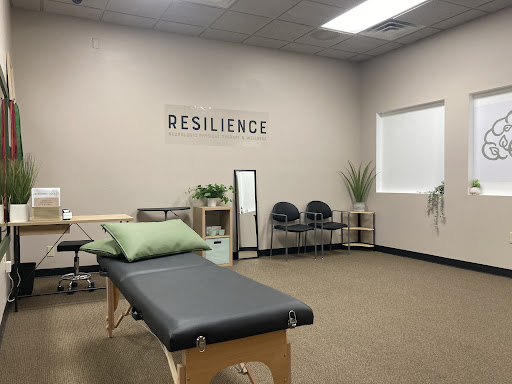 Resilience Neurologic Physical Therapy & Wellness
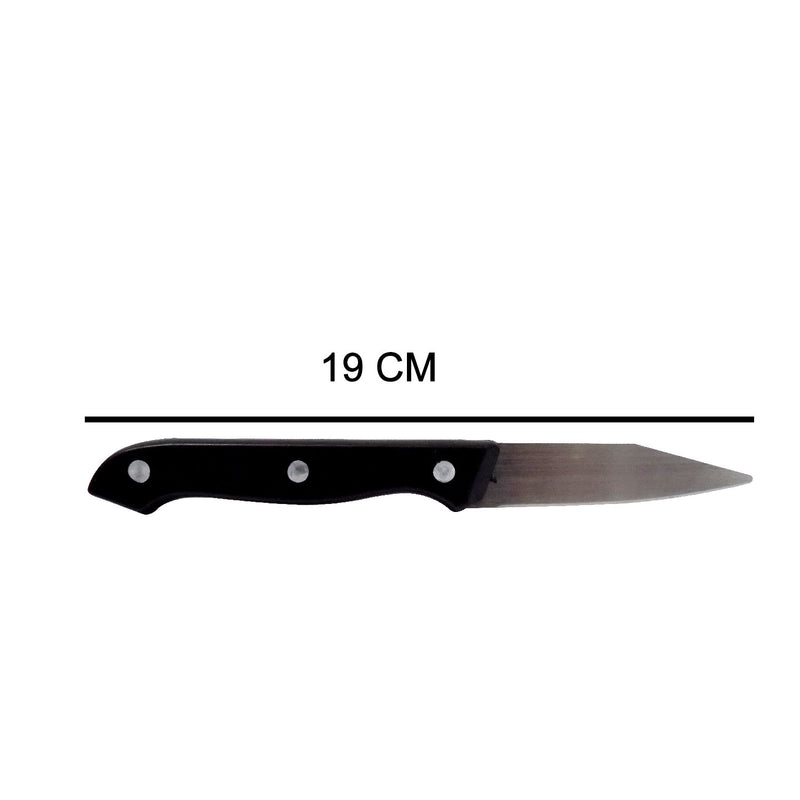 7021 Heavy Duty Vegetable and Non Veg Kitchen Knife (Small)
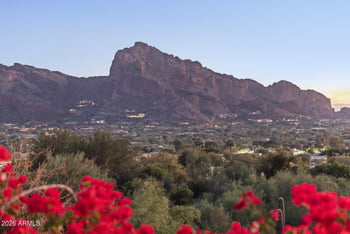 6900 N Mummy Mountain Rd, Paradise Valley, AZ 85253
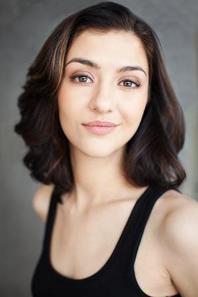 Katie Findlay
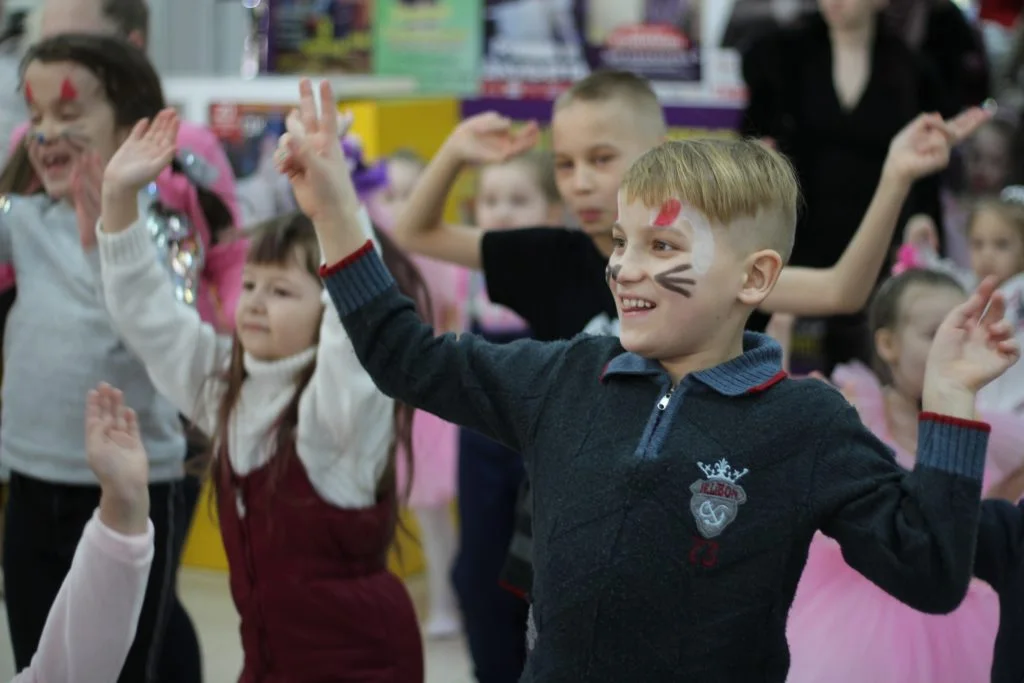 26/01/20 День рождения Мозаики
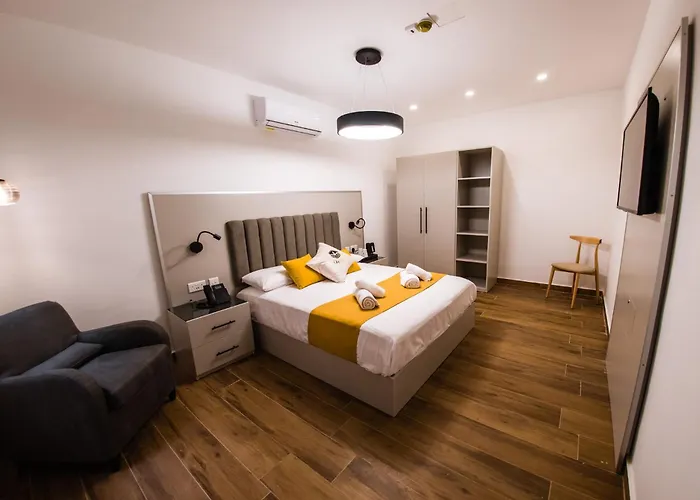 City Stay B&B Xewkija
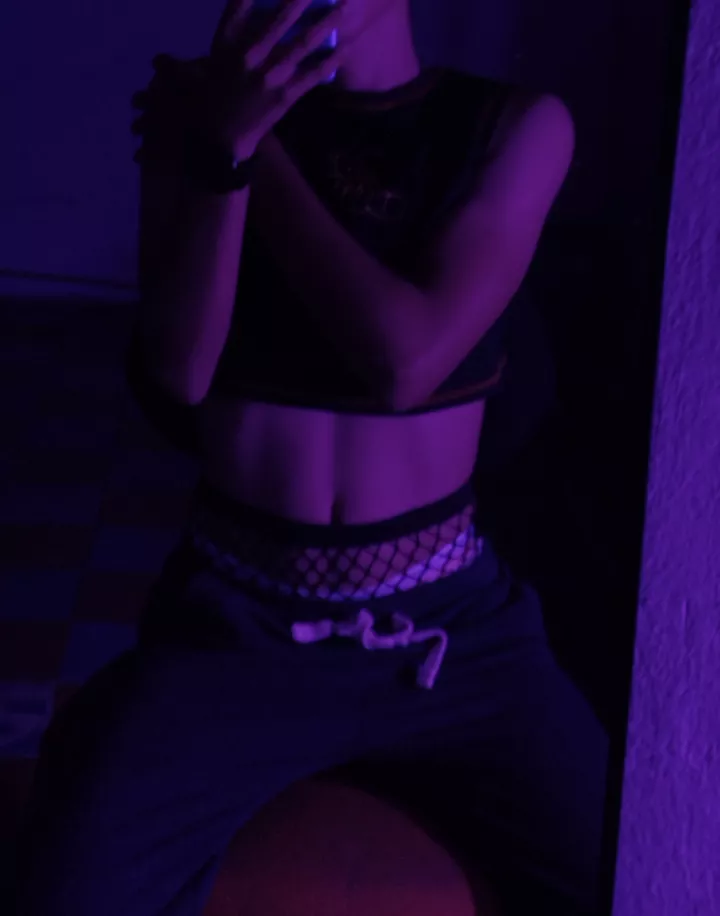 Oh, well, I'm just a... Boy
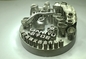 Impressão rápida do protótipo de Digital Dental Laboratory da impressora da joia 3D do SLM 650KG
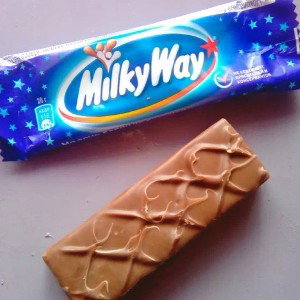 NEIZWESTNY51 - MILKYWAY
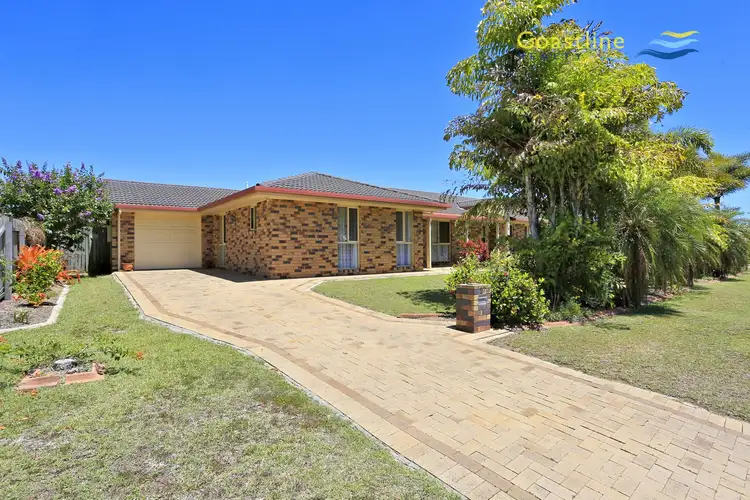 Fourth view of Homely house listing, 17 Iluka Street, Innes Park QLD 4670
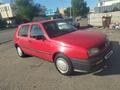 Volkswagen Golf 1993 года за 400 000 тг. в Тараз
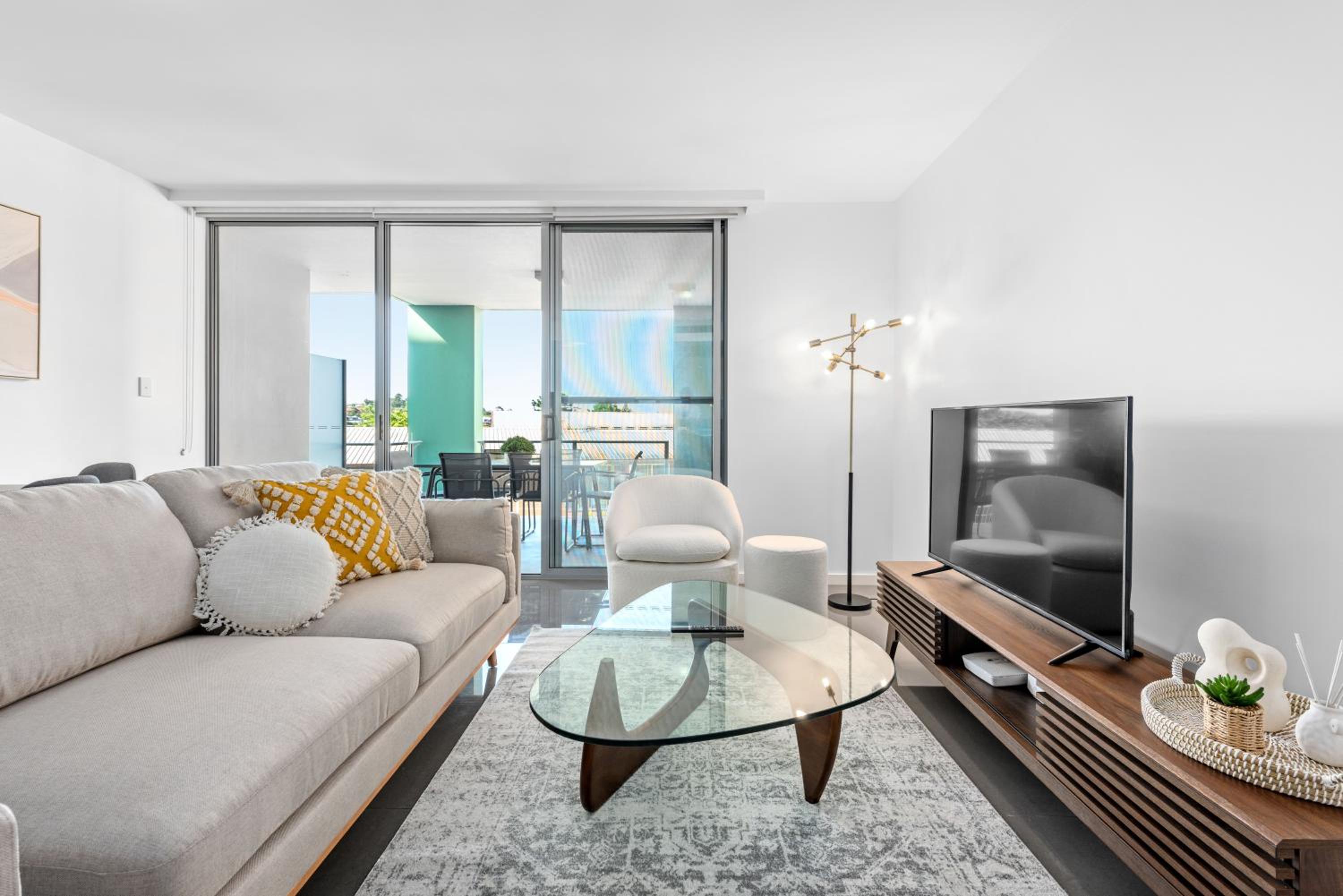 Cirque Boutique Apartments - Hosted by Coastal Letting Co.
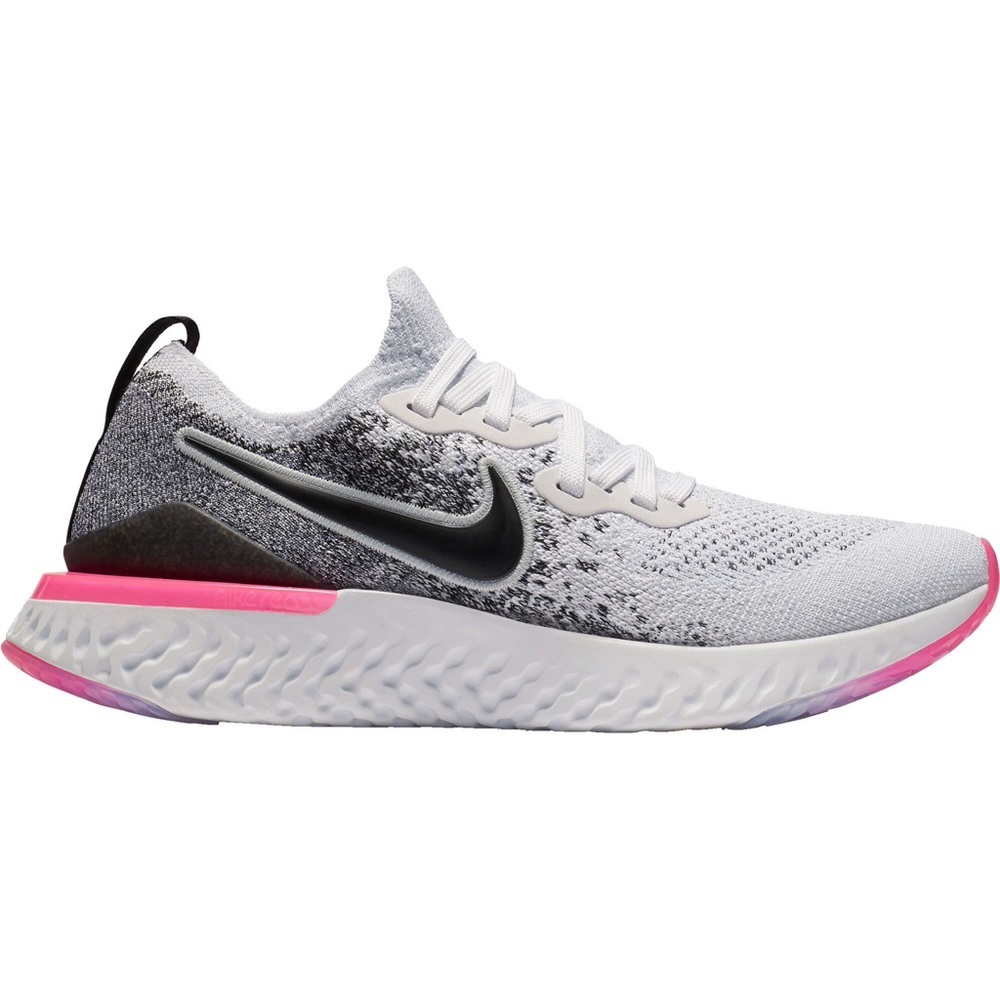 Nike Epic React Flyknit 2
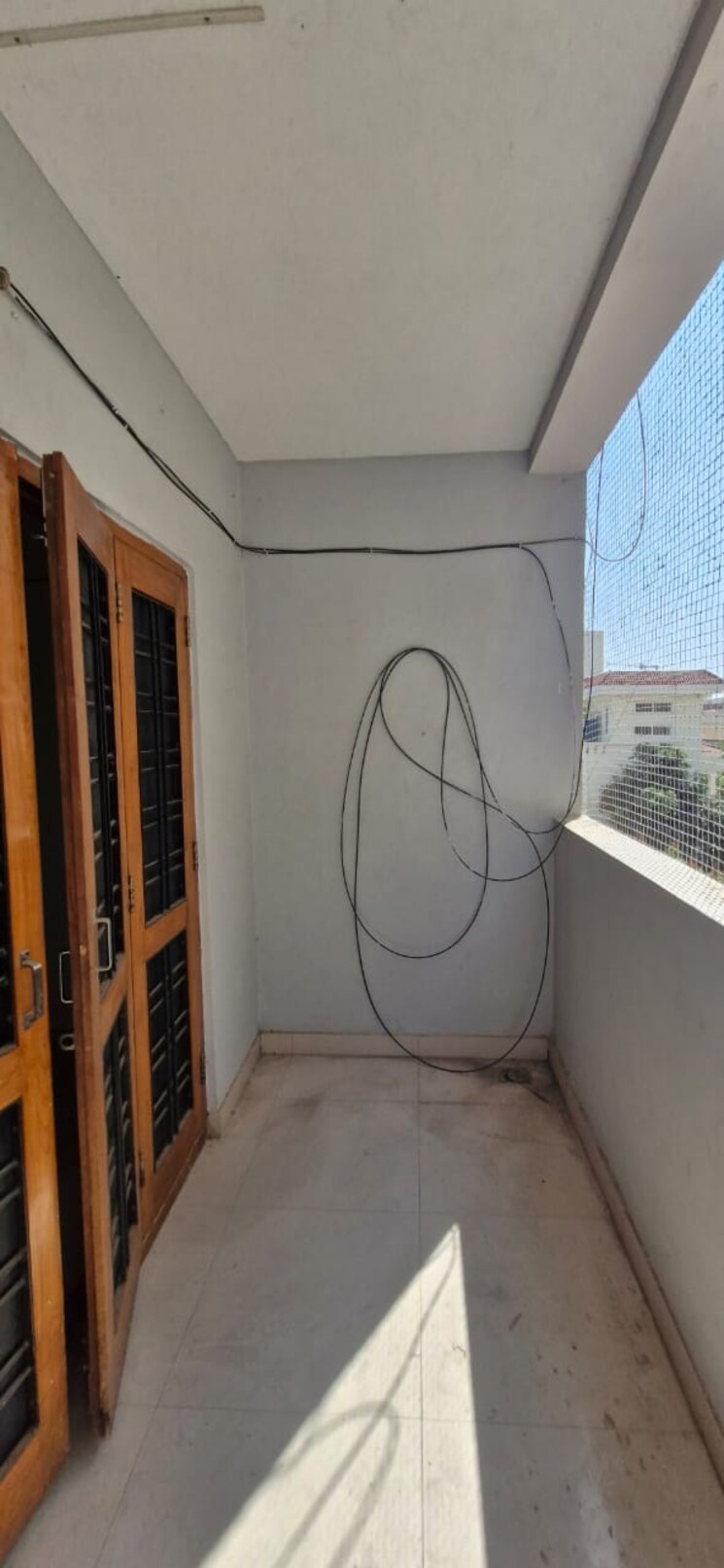 Balcony, kondapur 3 Bedroom 2000 Sq.Ft. Builder Floor In Kondapur Hyderabad 9473091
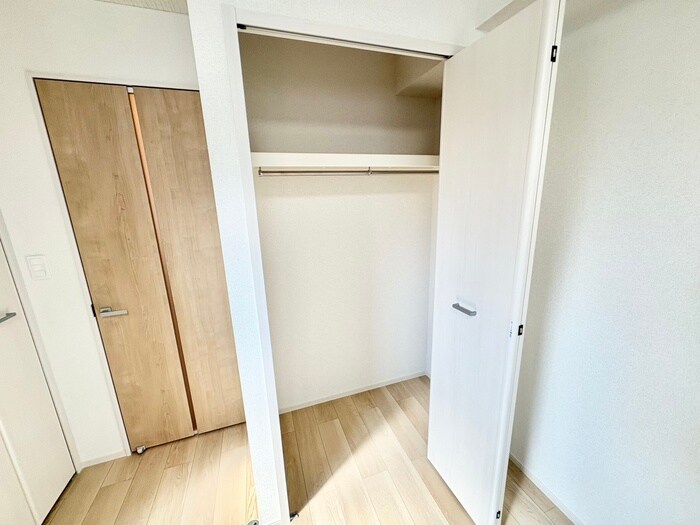 収納 ウエストコミタリアⅢ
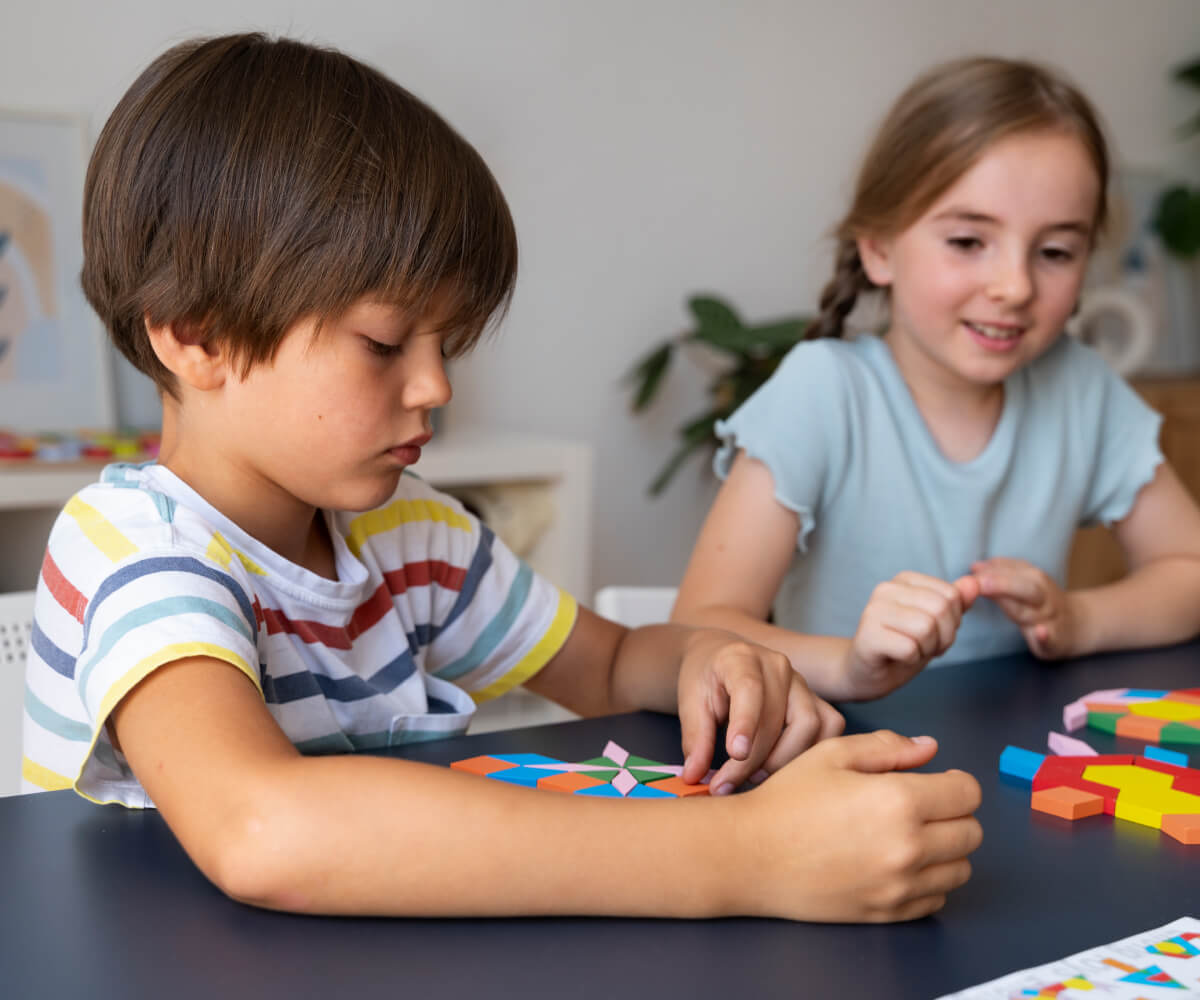 Kleine Schritte, große Wirkung – wie Kinder Selbstvertrauen aufbauen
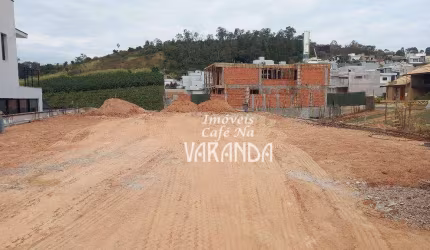 ARRIMADO...PRONTO PARA CONSTRUIR!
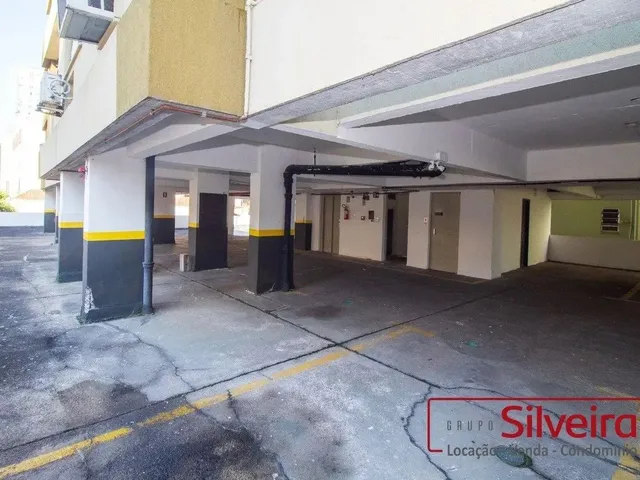 Imagem 7: Apartamento Flat de 2 Dormitórios - Centro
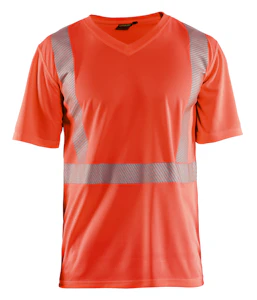 blåkläder T-shirt blåkläder 338610135500l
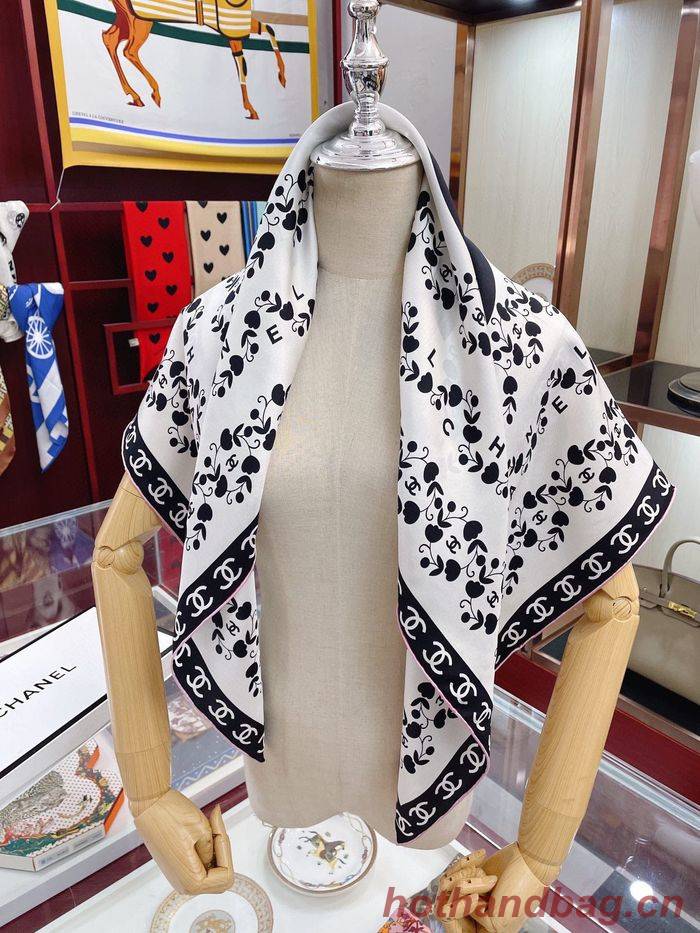Chanel Scarf CHC00040 Chanel Scarf CHC00040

[PROBLEM]
Quote verbatim every line starting at the line that contains "NEIZWESTNY51 - MILKYWAY" and ending with the last line of the records; omit all pictures.

[ANSWER FOR THE TASK]
 NEIZWESTNY51 - MILKYWAY
 Fourth view of Homely house listing, 17 Iluka Street, Innes Park QLD 4670
 Volkswagen Golf 1993 года за 400 000 тг. в Тараз
 Cirque Boutique Apartments - Hosted by Coastal Letting Co.
 Nike Epic React Flyknit 2
 Balcony, kondapur 3 Bedroom 2000 Sq.Ft. Builder Floor In Kondapur Hyderabad 9473091
 収納 ウエストコミタリアⅢ
 Kleine Schritte, große Wirkung – wie Kinder Selbstvertrauen aufbauen
 ARRIMADO...PRONTO PARA CONSTRUIR!
 Imagem 7: Apartamento Flat de 2 Dormitórios - Centro
 blåkläder T-shirt blåkläder 338610135500l
Chanel Scarf CHC00040 Chanel Scarf CHC00040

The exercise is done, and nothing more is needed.